Three representatives of the Rehoboth Beach, Del., LGBT community center CAMP Rehoboth appeared on Jan. 25 before a meeting of the Cape Henlopen Board of Education to urge the board to support a sweeping school nondiscrimination policy proposed last year by Delaware Gov. John Carney.
The Cape Henlopen School District, which the board oversees, operates public and charter schools in Rehoboth Beach and nearby Lewes, Del. The two beach towns have a large number of LGBT residents and summer visitors.
The CAMP Rehoboth representatives that spoke at the meeting – attorney and LGBT activist Mark Purpura, LGBT rights advocate Beth Cohen, and transgender rights advocate Kathy Carpenter Brown – called on board members to embrace Regulation 225, a comprehensive nondiscrimination policy that Carney has asked the state’s Department of Education to develop with input from the public.
Among other things, the proposal calls for the state’s public and charter schools to allow students to use locker rooms and join sports teams consistent with their gender identity. It would ban school-related discrimination based on sexual orientation and gender identity, among other categories.
Carney has said he would like local school boards throughout the state to adopt a form of the policy that is appropriate for local communities. He has not said whether the state would make adopting the policy mandatory.

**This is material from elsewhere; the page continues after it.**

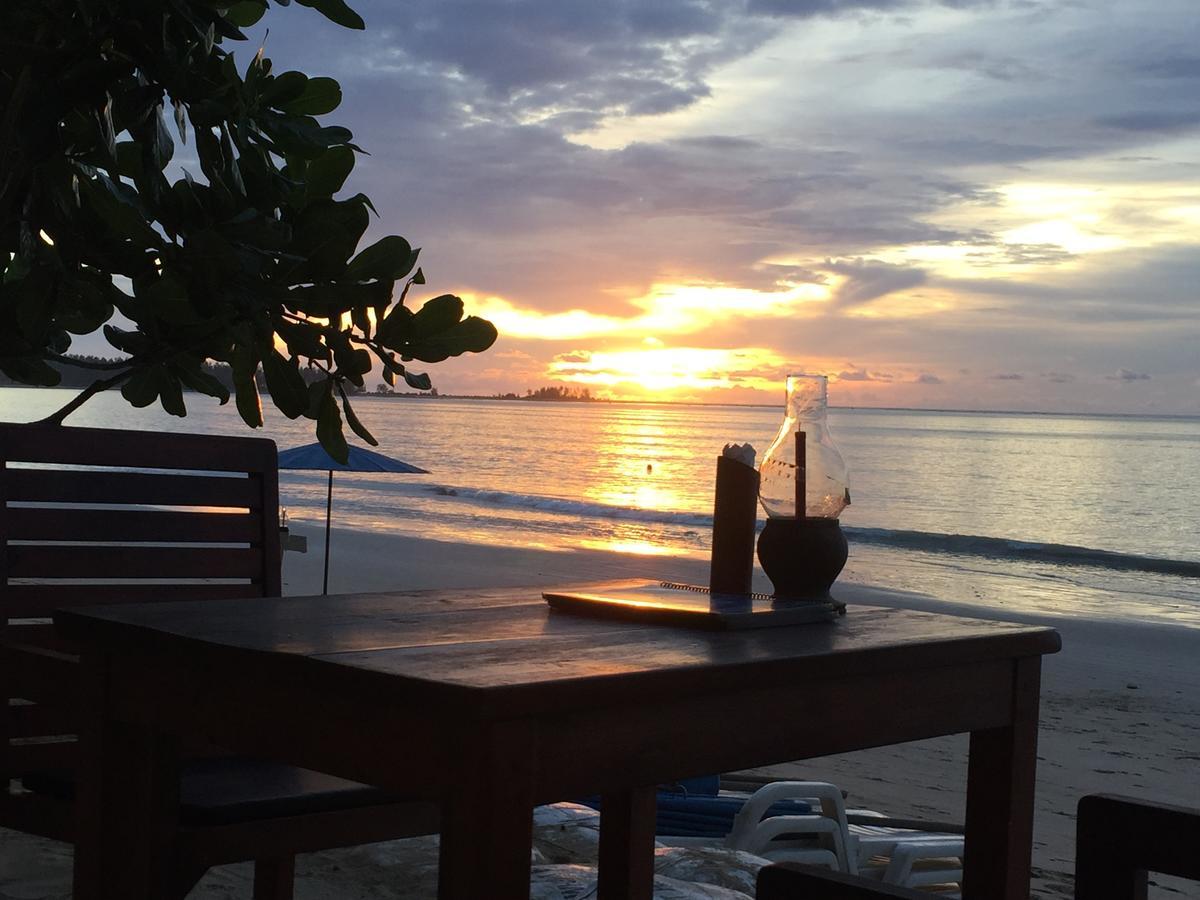 Ao Thong beach Bungalows Bang Sak Exterior foto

“CAMP Rehoboth supports Regulation 225 and we encourage the school board to support Regulation 225,” Purpura said during a part of the meeting reserved for public comment. “The regulation is a comprehensive and very reasonable nondiscrimination regulation and policy that is inclusive as to various protective characteristics, including characteristics based on gender identity and gender expression.”

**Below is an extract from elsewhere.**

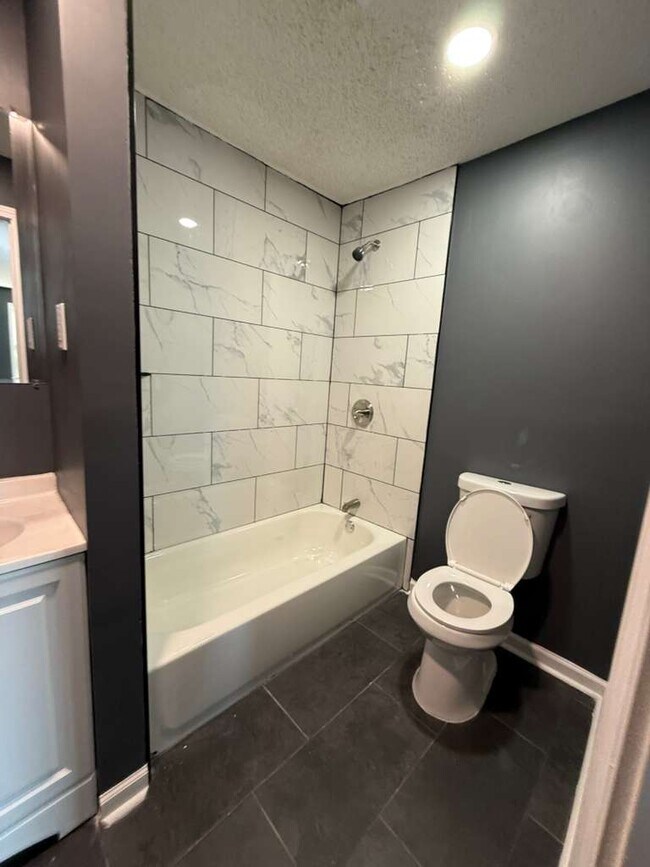 Building Photo - 1266 Russwood Rd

Andy Lewis, president of the Cape Henlopen school board, said that because the comments by the CAMP Rehoboth representatives were made during an open public comment period and were not part of the board’s official agenda, the board could not discuss taking action on the issue during that meeting.
CAMP Rehoboth official Sal Seeley, who attended the meeting, said opponents of the proposed school policy spoke against it at the school board’s meeting in December.